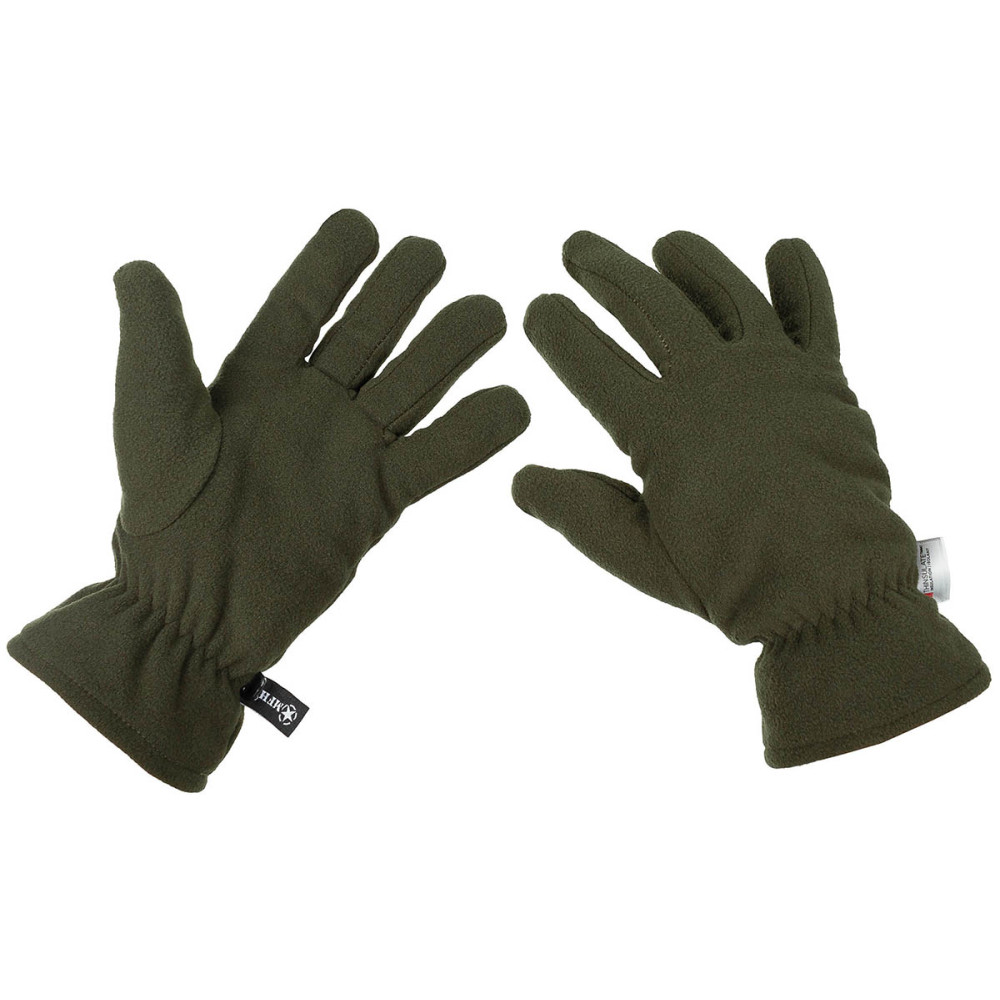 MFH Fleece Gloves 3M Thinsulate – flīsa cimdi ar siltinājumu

---

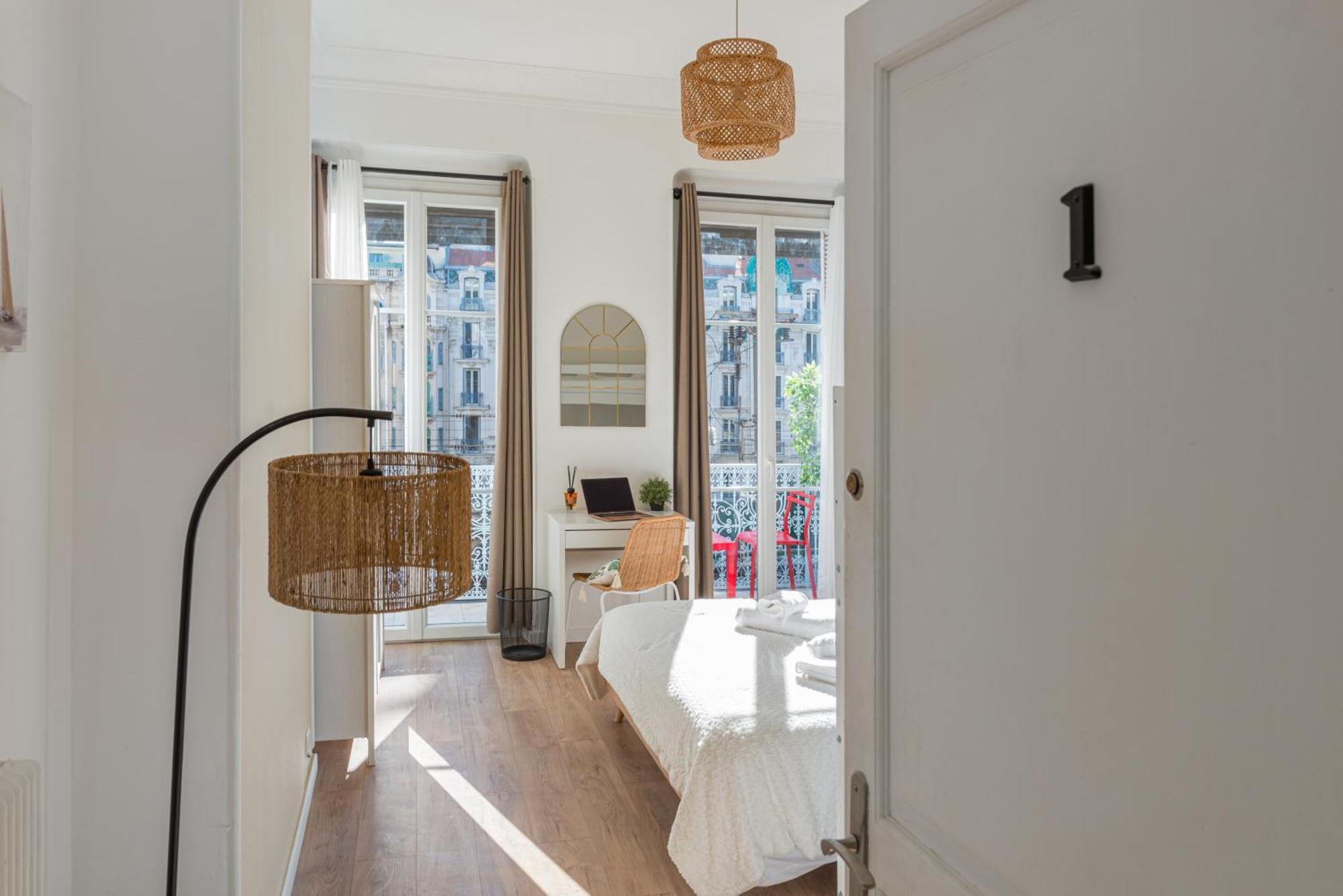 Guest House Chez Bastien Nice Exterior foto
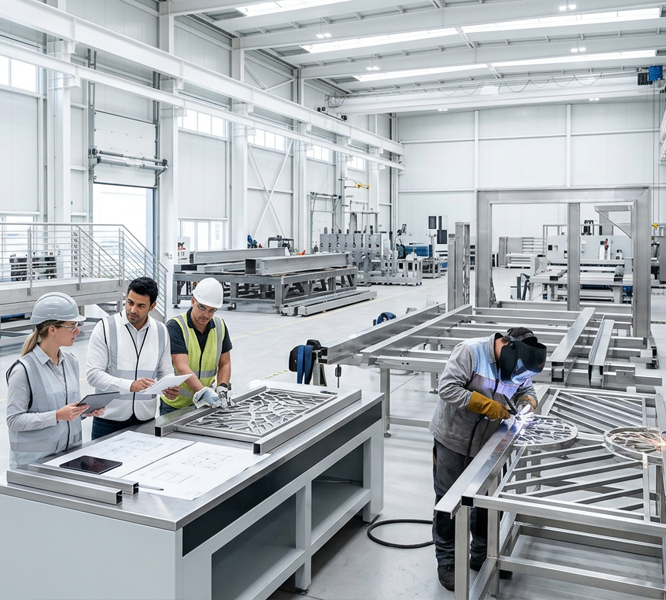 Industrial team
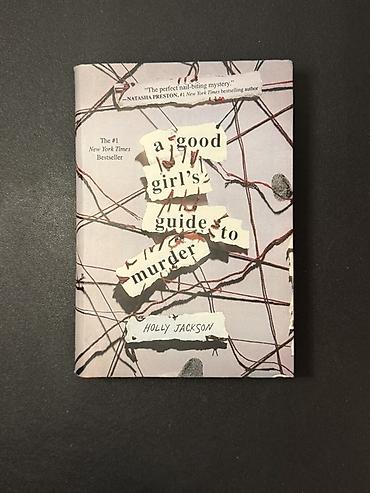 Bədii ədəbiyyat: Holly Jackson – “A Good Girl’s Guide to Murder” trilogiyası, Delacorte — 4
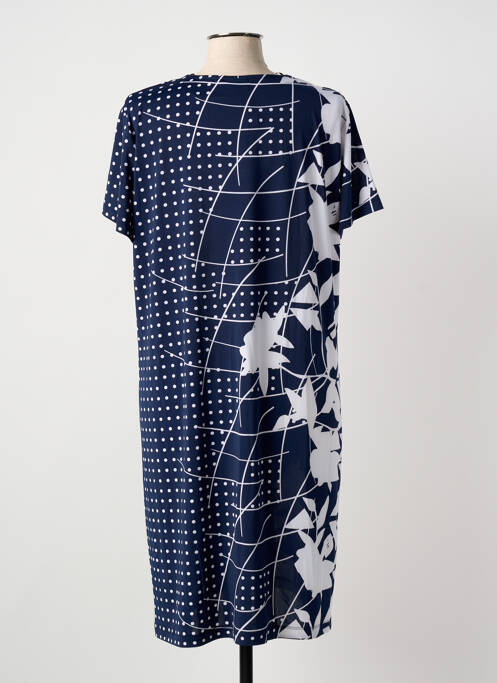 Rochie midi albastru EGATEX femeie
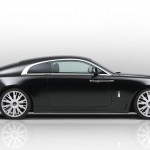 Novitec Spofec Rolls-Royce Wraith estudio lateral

...

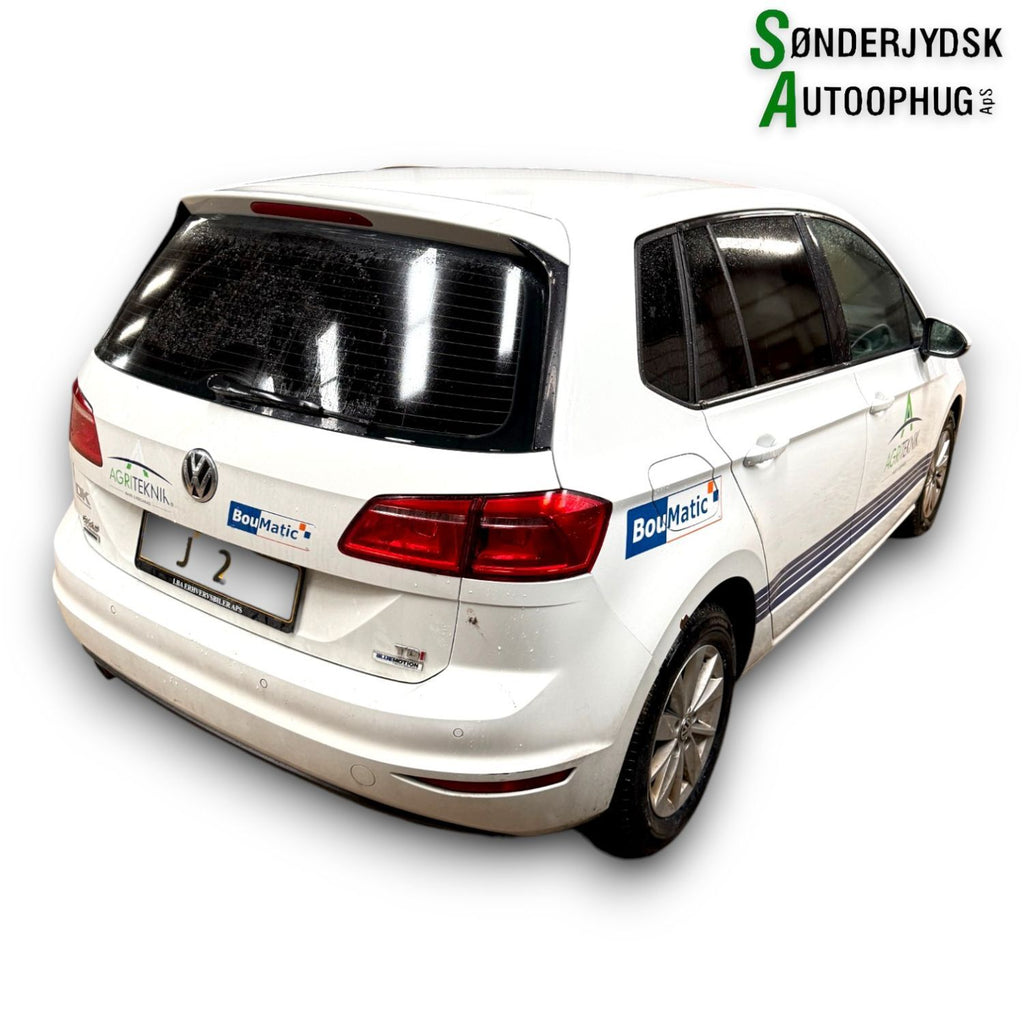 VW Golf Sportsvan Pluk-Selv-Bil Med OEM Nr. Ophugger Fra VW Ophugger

_INSTRUCTIONS FOR THE TASK_.
An exact transcription is needed of the lines from the one with "Rochie midi albastru EGATEX femeie" to the one with "Novitec Spofec Rolls-Royce" above, both ends included, with pictures left out.

_RESPONSE TO THIS TASK_.
 Rochie midi albastru EGATEX femeie
 Novitec Spofec Rolls-Royce Wraith estudio lateral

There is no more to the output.